== WORKING DATA

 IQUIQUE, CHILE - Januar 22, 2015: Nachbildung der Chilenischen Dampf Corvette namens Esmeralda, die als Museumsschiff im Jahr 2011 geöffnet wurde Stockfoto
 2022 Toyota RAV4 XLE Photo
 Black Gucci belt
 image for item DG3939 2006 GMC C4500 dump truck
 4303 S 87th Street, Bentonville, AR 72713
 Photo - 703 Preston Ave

====

▶ _TO DO_: Copy every line from the entries that contains the word "Photo".

▶ _WRITTEN SOLUTION_:
 2022 Toyota RAV4 XLE Photo
 Photo - 703 Preston Ave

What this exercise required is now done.